The Benchmark — SimpleQA — Stochastic Sandbox

SimpleQA

Measures whether language models can answer factual questions correctly and know when they don’t know something.

What it measures

SimpleQA tests factual recall and calibration—can a model answer straightforward factual questions accurately, and critically, does it admit uncertainty when it shouldn’t claim to know? The benchmark includes short-answer questions on people, places, dates, and other concrete facts that have verifiable correct answers. It’s designed to catch both wrong answers and overconfident hallucinations.

Why it was created

Released by OpenAI in late 2024, SimpleQA addresses a practical problem: existing benchmarks often reward confident-sounding answers regardless of accuracy, and they don’t penalize models for making up facts with false confidence. As LLMs moved into production systems where users rely on factual accuracy, the gap between “sounds plausible” and “actually correct” became critical to measure.

How it works

SimpleQA contains approximately 4,000 naturally-phrased factual questions with short, verifiable answers (names, dates, numbers, locations). Questions are sourced from existing datasets and hand-verified. Scoring is strict: answers are marked correct only if they match the ground truth (with minor formatting tolerance), incorrect if wrong, and unanswered if the model declines to answer. The benchmark measures three metrics: accuracy (% correct), refusal rate (% unanswered), and accuracy among answered questions. A model’s final score balances correctness against overconfidence—high refusal on hard questions is penalized less than wrong answers.

What scores mean in practice

As of January 2025, GPT-4o scores approximately 92% accuracy on SimpleQA, Claude 3.5 Sonnet scores around 88%, and Gemini 2.0 Flash scores approximately 87%. For context, this doesn’t mean models are “92% truthful”—these are easy factual questions without adversarial setup. On harder or longer-context variants, scores drop significantly. A model scoring 85%+ is generally reliable for straightforward factual lookups; below 75%, manual verification becomes necessary. Two years ago (2023), GPT-3.5 would have scored around 70–75% on comparable factual benchmarks.

Known limitations

Question simplicity: SimpleQA intentionally uses straightforward, unambiguous factual questions. It doesn’t test reasoning, synthesis, or questions where facts are contested or context-dependent. A model could score 90% here while confidently hallucinating in more complex scenarios.
Refusal gaming: Models can artificially inflate accuracy by refusing to answer uncertain questions. The benchmark penalizes refusal rate, but the penalty may not fully capture real-world costs—in some applications, a refused answer is worse than a confident wrong one.
Limited domain coverage: The questions cluster around relatively accessible facts (famous people, major events, dates). Specialized domains like cutting-edge research, niche historical events, or recent news may not be represented proportionally, limiting how well this predicts performance in expert domains.

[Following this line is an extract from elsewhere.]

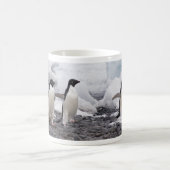 3 Adele-Pinguin-Laufen Kaffeetasse (Mittel)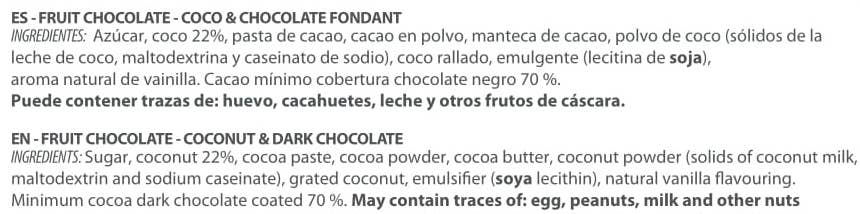PABLO GARRIGÓS IBÁÑEZ - Wholesale Chocolate Box - Chocolate Vintage Almond & Coconut Chocolate 100g3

When to trust it (and when not to)

Trust it for: Evaluating whether a model is suitable for FAQ systems, knowledge bases, or customer support where factual accuracy on common questions matters. It’s a useful sanity check that your model isn’t confidently making things up on basic facts.
Don’t rely on it alone for: Assessing reasoning, multimodal understanding, specialized expertise, or long-form generation. A high SimpleQA score doesn’t guarantee a model won’t hallucinate in more complex tasks. Also don’t use it as your only signal for real-time performance—facts become stale, and the benchmark’s ground truth is fixed.